**Information supplied:**
■ ■ ■ ■ ■
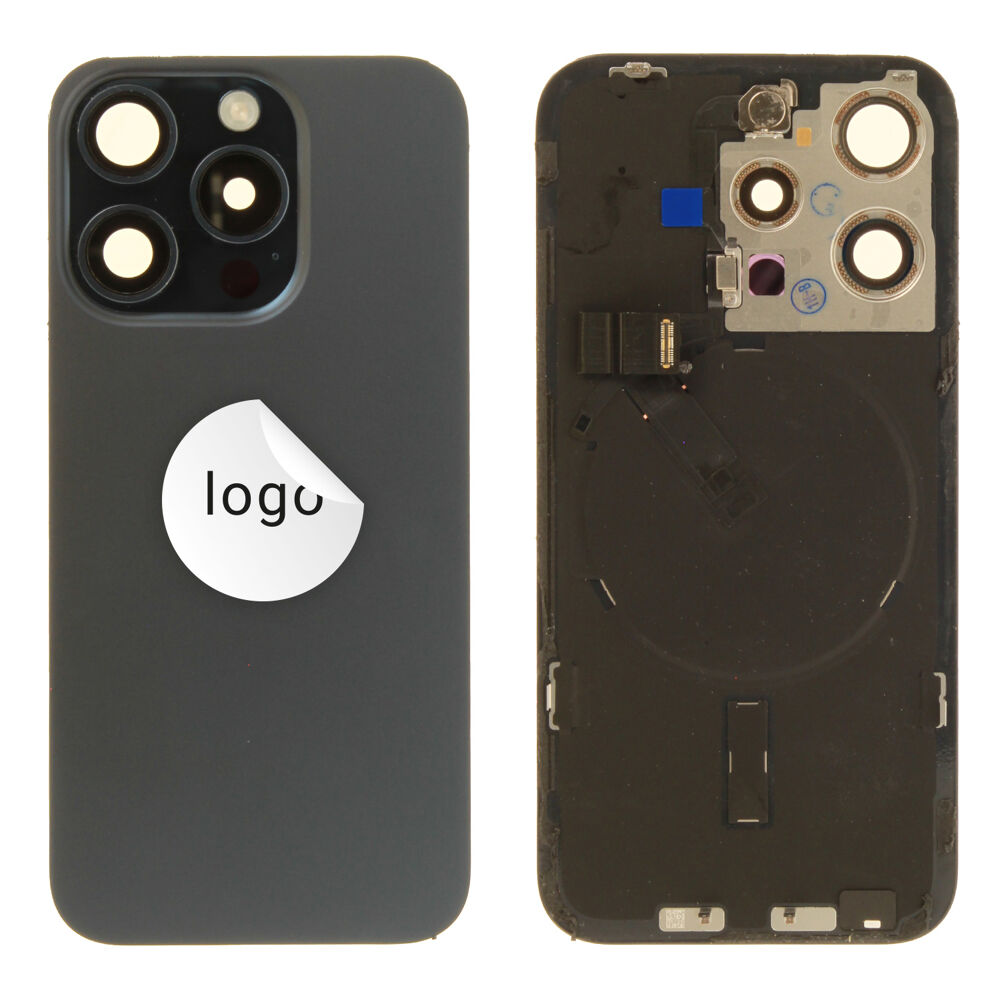 Back glass (Bontott A) - Fekete, For iPhone 15 Pro
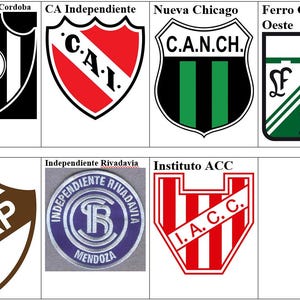 May include: A collage of six different soccer team logos. The logos are all in a shield shape and feature various colors and designs. The logos include the names of the teams: Atletico Central Cordoba, CA Independiente, Nueva Chicago, Ferro Carril Oeste, Platense, Independiente Rivadavia, and Instituto ACC.
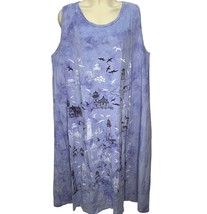 Vintage Mary Dee Tank Shirt Dress Blue Tie Dye Lighthouse Birds Size 4 3... - $29.65
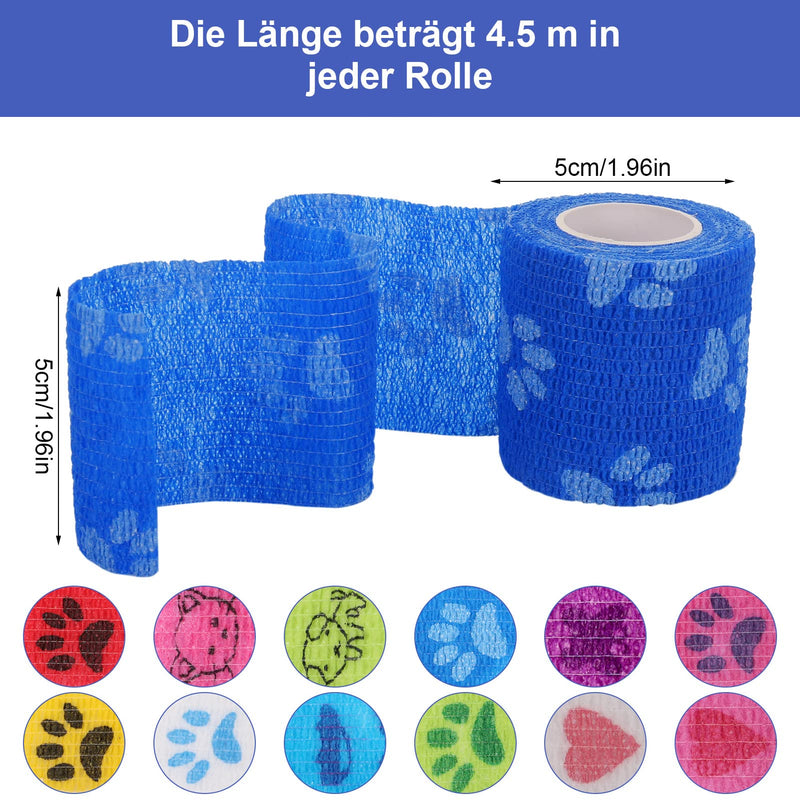 tonyg-p 12 Rolls of Self-Adhesive Bandage Cohesive Bandage Elastic Fixation Bandage Vet Wrap Pet for Finger Wrist, Knee, Ankle Sprains and Swelling 5 cm x 4.5 m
■ ■ ■ ■ ■
**What needs to be done:**
Print exactly what appears from the first line of the listing above down to the line containing "May include: A", inclusive, and leave out all pictures.

**Output for this exercise:**
 Back glass (Bontott A) - Fekete, For iPhone 15 Pro
 May include: A collage of six different soccer team logos. The logos are all in a shield shape and feature various colors and designs. The logos include the names of the teams: Atletico Central Cordoba, CA Independiente, Nueva Chicago, Ferro Carril Oeste, Platense, Independiente Rivadavia, and Instituto ACC.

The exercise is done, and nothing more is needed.